Instead of buckling under the pressure or turning a blind eye to the ecological danger, these women decide to turn the tide. Laxmi Moorthy, a 48-year old woman from Chinnapalam village who has been collecting seaweed since she was seven, led the initiative by forming a women’s collective.
They all started educating each other on how they could protect the seaweed as well as earn from it. Then they came up with a plan, while working in sync with the government.

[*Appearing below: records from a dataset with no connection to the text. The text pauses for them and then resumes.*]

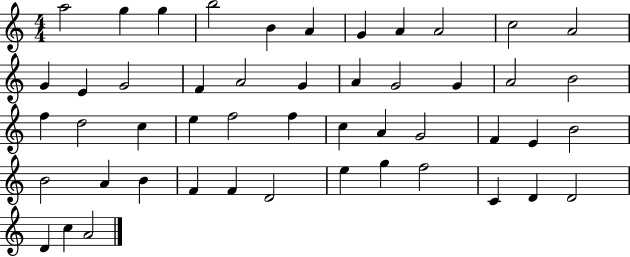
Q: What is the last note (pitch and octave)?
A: A4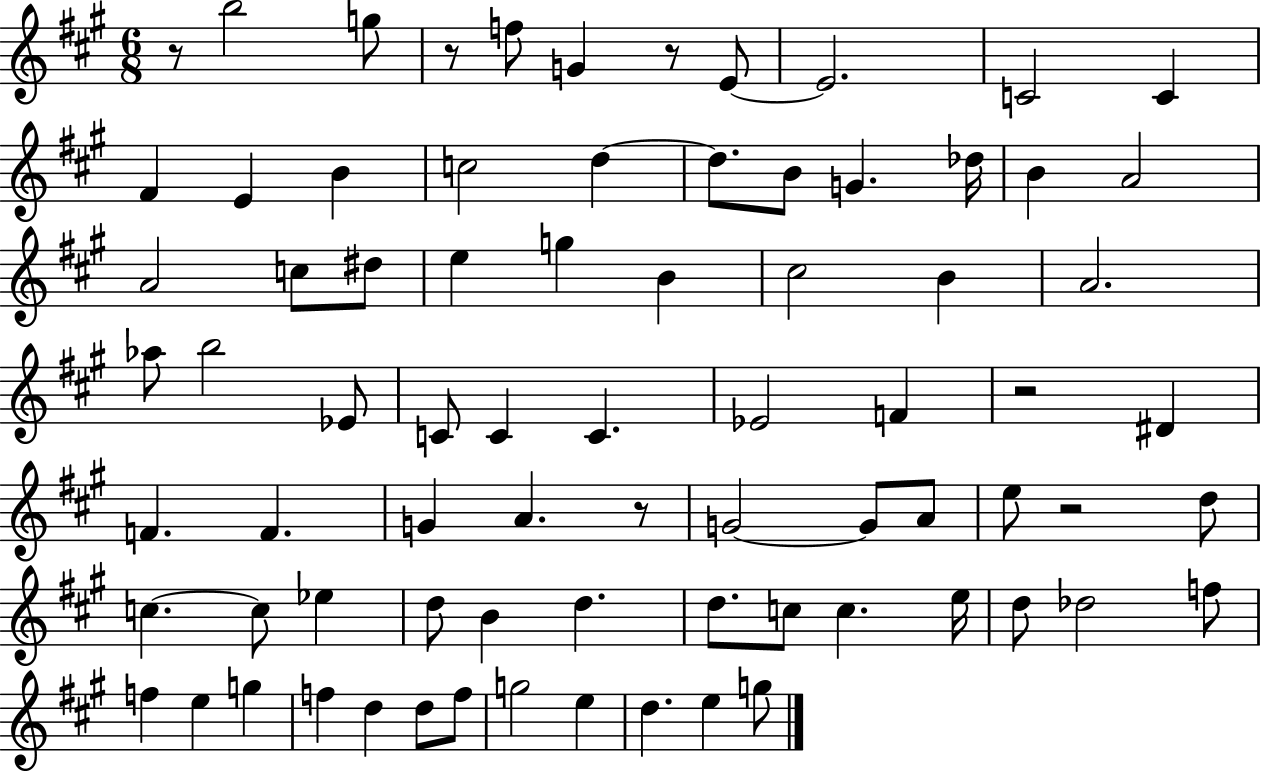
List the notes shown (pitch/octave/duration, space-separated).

R/e B5/h G5/e R/e F5/e G4/q R/e E4/e E4/h. C4/h C4/q F#4/q E4/q B4/q C5/h D5/q D5/e. B4/e G4/q. Db5/s B4/q A4/h A4/h C5/e D#5/e E5/q G5/q B4/q C#5/h B4/q A4/h. Ab5/e B5/h Eb4/e C4/e C4/q C4/q. Eb4/h F4/q R/h D#4/q F4/q. F4/q. G4/q A4/q. R/e G4/h G4/e A4/e E5/e R/h D5/e C5/q. C5/e Eb5/q D5/e B4/q D5/q. D5/e. C5/e C5/q. E5/s D5/e Db5/h F5/e F5/q E5/q G5/q F5/q D5/q D5/e F5/e G5/h E5/q D5/q. E5/q G5/e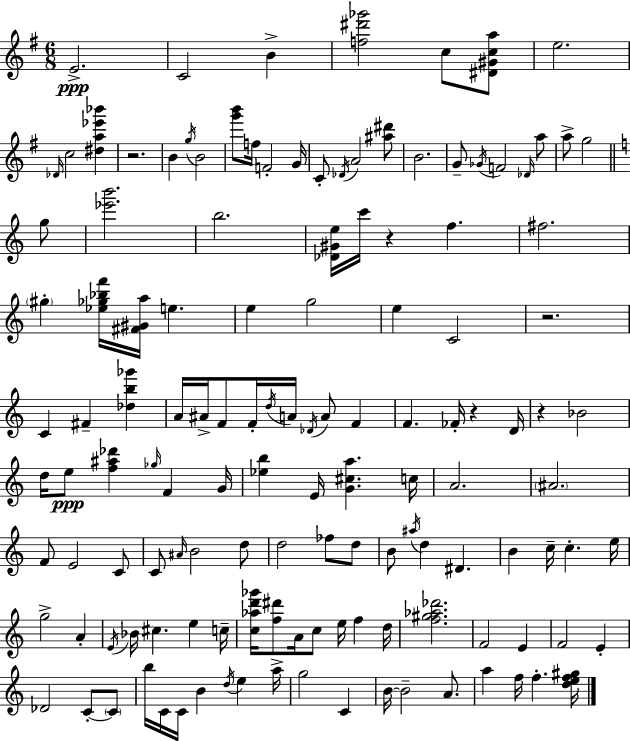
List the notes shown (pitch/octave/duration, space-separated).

E4/h. C4/h B4/q [F5,D#6,Gb6]/h C5/e [D#4,G#4,C5,A5]/e E5/h. Db4/s C5/h [D#5,A5,Eb6,Bb6]/q R/h. B4/q G5/s B4/h [G6,B6]/e F5/s F4/h G4/s C4/e Db4/s A4/h [A#5,D#6]/e B4/h. G4/e Gb4/s F4/h Db4/s A5/e A5/e G5/h G5/e [Eb6,B6]/h. B5/h. [Db4,G#4,E5]/s C6/s R/q F5/q. F#5/h. G#5/q [Eb5,Gb5,Bb5,F6]/s [F#4,G#4,A5]/s E5/q. E5/q G5/h E5/q C4/h R/h. C4/q F#4/q [Db5,B5,Gb6]/q A4/s A#4/s F4/e F4/s D5/s A4/s Db4/s A4/e F4/q F4/q. FES4/s R/q D4/s R/q Bb4/h D5/s E5/e [F5,A#5,Db6]/q Gb5/s F4/q G4/s [Eb5,B5]/q E4/s [G4,C#5,A5]/q. C5/s A4/h. A#4/h. F4/e E4/h C4/e C4/e A#4/s B4/h D5/e D5/h FES5/e D5/e B4/e A#5/s D5/q D#4/q. B4/q C5/s C5/q. E5/s G5/h A4/q E4/s Bb4/s C#5/q. E5/q C5/s [C5,Ab5,D6,Gb6]/s [F5,D#6]/e A4/s C5/e E5/s F5/q D5/s [F5,G#5,Ab5,Db6]/h. F4/h E4/q F4/h E4/q Db4/h C4/e C4/e B5/s C4/s C4/s B4/q D5/s E5/q A5/s G5/h C4/q B4/s B4/h A4/e. A5/q F5/s F5/q. [D5,E5,F5,G#5]/s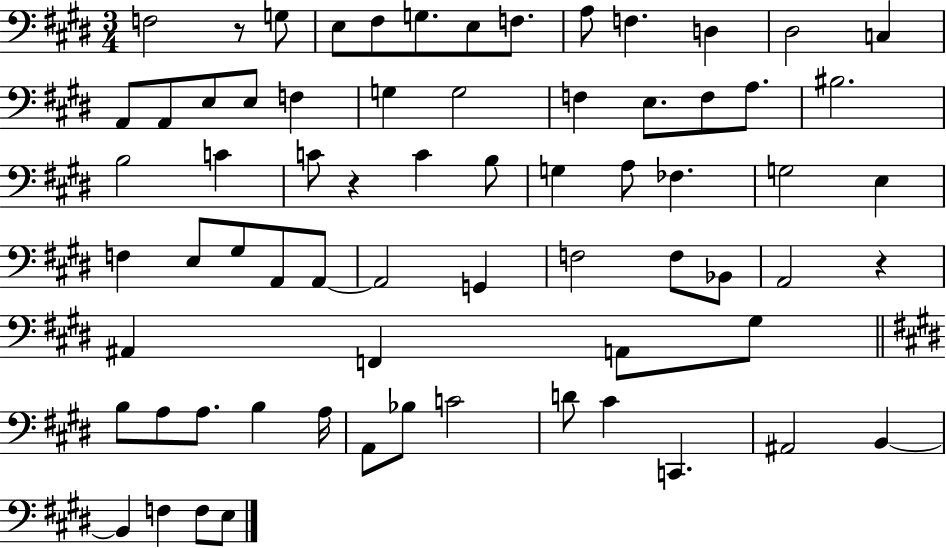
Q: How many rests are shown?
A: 3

It was decided that they would collect seaweed for only 12 days instead of doing it throughout the month.
The Wave Of Success
Says Lakshmi, “Earlier when we were collecting every day, each of us could get 5 to 10 kilos of seaweed, but now, we are able to collect 25-30 kilos.”
Though they still earn around Rs.7000 to Rs. 10000 a month only, it is a marked improvement over their earlier income.It can safely be said that this is the best case of one looking out for the other. The women cared for the underwater life by never breaching the 12 days commitment since the past 10 years nor did they use sharp metal objects for collection. And the ocean ensured that their source of income didn’t dry up.
Moreover, in 2014, the government issued biometric cards for these women divers. This worked as a proof of identification and stopped government officials from intervening in their work.
In recognition for her inspiring work, Lakshmi has conferred the Seacology Award in California in 2016. Laxmi donated the award money for the construction of a school in the area to help brighten the future of the next generation. She firmly believes that they shouldn’t pay the price for being uneducated.